La mort : c’est l’objet unique, obsessionnel, de cet ensemble de notes et d’observations, de citations anthropologiques et d’anecdotes cruelles, destiné à faire pendant à l’inoubliable Masse et puissance, mais qu’Elias Canetti n’est pas parvenu à composer. Qui peut s’en étonner ? Il ne s’agit nullement ici d’une méditation propédeutique à la manière de Montaigne ou d’une consolation stoïcienne. La mort pour Canetti est un scandale qu’il ne peut pas se résoudre à accepter, un adversaire qu’il veut combattre, une ombre qu’il veut empoigner. Il a connu très jeune le deuil, en perdant son père à 7 ans, et ce fut la succession des disparitions – sa mère en 1937, sa première épouse en 1963 –, sans parler de toutes les morts anonymes d’un siècle barbare. Il ne se résigne pas face à elle. Comme Goethe, qui emploie à dessein un terme administratif (statuieren), il pourrait dire : « je n’en prends pas acte ». Omniprésente, « elle ne signifie pourtant rien ». Nulle complaisance, dans ces notes indignées, pour la mort romantique, qui s’insinue dans la musique wagnérienne ou la poésie d’un Novalis ou d’un Rilke, pour la mort philosophique, vocation du Dasein chez Heidegger. Il rejette toutes les pensées dialectiques comme celle de Hegel, qui veulent faire croire à un dépassement, à un renversement positif, à un progrès futur. La mort est stérile et univoque. C’est en cela qu’elle est haïssable.
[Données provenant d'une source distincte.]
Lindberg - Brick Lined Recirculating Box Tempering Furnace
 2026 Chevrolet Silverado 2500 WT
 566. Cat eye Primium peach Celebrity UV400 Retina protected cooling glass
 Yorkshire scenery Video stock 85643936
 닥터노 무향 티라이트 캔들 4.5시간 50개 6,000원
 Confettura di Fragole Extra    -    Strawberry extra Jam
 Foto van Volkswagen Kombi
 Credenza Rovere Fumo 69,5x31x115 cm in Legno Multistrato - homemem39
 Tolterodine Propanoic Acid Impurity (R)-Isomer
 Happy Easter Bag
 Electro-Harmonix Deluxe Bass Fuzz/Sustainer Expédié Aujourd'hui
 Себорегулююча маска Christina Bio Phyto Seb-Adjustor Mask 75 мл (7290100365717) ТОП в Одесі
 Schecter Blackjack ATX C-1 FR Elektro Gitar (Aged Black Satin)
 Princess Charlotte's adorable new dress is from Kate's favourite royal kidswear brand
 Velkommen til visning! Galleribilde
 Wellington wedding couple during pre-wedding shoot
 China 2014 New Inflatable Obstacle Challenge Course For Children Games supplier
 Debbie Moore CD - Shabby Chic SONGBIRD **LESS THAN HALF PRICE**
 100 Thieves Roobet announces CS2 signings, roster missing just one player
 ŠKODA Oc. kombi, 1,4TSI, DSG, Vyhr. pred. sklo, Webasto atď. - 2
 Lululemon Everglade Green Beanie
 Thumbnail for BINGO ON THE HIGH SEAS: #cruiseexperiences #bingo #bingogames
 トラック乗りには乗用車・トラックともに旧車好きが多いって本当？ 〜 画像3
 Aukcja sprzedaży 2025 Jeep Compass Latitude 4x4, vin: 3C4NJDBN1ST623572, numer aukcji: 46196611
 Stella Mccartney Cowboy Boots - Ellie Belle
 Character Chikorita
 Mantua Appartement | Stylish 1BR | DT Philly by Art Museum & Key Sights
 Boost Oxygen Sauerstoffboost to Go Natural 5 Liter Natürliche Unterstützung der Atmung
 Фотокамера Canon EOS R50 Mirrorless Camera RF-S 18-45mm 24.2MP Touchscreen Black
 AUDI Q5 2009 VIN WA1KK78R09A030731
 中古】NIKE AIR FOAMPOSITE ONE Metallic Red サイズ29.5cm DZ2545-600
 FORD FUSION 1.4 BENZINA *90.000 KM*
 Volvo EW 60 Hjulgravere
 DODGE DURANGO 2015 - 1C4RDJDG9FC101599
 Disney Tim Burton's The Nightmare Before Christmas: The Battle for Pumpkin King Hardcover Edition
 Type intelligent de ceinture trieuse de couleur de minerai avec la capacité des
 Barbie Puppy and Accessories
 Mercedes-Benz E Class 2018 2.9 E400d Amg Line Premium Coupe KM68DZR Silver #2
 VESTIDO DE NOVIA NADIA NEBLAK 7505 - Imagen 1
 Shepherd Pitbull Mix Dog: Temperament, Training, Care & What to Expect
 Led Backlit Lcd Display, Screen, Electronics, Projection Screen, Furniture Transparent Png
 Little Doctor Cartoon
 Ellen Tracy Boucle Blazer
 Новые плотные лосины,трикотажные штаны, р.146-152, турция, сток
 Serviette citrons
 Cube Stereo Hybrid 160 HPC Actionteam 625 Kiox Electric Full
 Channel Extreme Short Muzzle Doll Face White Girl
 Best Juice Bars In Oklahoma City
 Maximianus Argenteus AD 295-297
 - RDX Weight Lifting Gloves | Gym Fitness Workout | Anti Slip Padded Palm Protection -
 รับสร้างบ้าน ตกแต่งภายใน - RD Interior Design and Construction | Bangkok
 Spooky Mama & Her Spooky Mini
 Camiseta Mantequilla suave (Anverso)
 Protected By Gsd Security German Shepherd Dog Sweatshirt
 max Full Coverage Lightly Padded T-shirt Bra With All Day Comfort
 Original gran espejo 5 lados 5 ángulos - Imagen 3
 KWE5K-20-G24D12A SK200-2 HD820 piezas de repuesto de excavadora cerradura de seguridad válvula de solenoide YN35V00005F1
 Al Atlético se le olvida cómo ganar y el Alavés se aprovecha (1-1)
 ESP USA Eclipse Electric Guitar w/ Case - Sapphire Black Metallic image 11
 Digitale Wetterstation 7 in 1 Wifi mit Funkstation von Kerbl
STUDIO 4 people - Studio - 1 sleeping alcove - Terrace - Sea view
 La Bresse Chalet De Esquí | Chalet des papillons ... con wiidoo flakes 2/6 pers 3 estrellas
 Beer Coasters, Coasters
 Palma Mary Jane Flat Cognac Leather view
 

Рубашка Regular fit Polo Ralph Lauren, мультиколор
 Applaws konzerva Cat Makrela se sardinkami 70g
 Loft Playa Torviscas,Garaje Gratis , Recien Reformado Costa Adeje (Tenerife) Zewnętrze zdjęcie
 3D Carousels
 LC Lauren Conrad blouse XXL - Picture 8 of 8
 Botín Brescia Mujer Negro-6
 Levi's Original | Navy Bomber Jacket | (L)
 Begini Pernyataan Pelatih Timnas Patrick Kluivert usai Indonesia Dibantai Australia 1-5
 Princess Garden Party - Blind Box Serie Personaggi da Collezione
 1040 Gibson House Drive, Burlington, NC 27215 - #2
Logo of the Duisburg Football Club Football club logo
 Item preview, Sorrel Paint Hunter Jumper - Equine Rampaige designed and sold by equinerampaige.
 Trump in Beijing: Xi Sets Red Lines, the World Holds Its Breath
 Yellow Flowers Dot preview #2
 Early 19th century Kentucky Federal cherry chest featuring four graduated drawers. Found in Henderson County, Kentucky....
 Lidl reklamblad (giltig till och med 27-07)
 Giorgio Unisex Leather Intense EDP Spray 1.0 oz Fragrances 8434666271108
Pourtant, « je traine un lourd fardeau, j’aime vivre », note-t-il, en avouant qu’il « hait la haine » ; il se présente comme un « défenseur inconditionnel de la vie », avec malgré tout cette mauvaise conscience bien connue du survivant. Comme si vivre, continuer à vivre, à aimer, à rire et respirer était un devoir, ne serait-ce que pour témoigner qu’existe autre chose que la Camarde. Mais il ne suffit pas de rejeter la mort inéluctable, il faut aussi prendre la mesure du scandale accru que représente « l’homicide », l’homo necans, pour reprendre le titre du livre de Walter Burkert : alors que les animaux eux-mêmes (les éléphants…) semblent aussi s’émouvoir de la perte d’un des leurs et veiller à l’enterrer, les hommes semblent prendre plaisir à s’entretuer sans raison, ce qui redouble les motifs de s’indigner. Comme s’il ne suffisait pas que l’âge, la maladie, les accidents emportent les êtres, il faut que les hommes, depuis l’humanité primitive, s’acharnent à se massacrer (et à massacrer les animaux). « Je suis chaque maison où dorment des enfants », écrit Canetti, qui règle quelques comptes avec les belliqueux : Hemingway, dont il souligne la « bêtise » – pour avoir dit que « quelqu’un qui n’a pas tué n’est pas un homme » –, Nietzsche dont il se méfie parce que ce dernier ne comprend pas « le sentiment inexpugnable, au-delà de toute morale, du caractère sacré de toute vie » –, les Allemands en général, pour leur obstination à fabriquer des gaz industriels, l’Électre de Sophocle et toute sa famille de meurtriers, les « alliés » américains de la guerre du Golfe, etc. Nous pourrions aisément ajouter des noms à cette liste interminable. C’est sur un paradoxe amer que le Prix Nobel clôt ses riches annotations – mais que peut la culture ici ? – et tire le bilan de ses expériences historiques : « J’en suis arrivé au point de finir en simple Juif ». En même temps, il trouve l’énergie, dans sa défense de la vie, d’inventer cette jolie formule : « le papillon est le fantôme de la chenille ».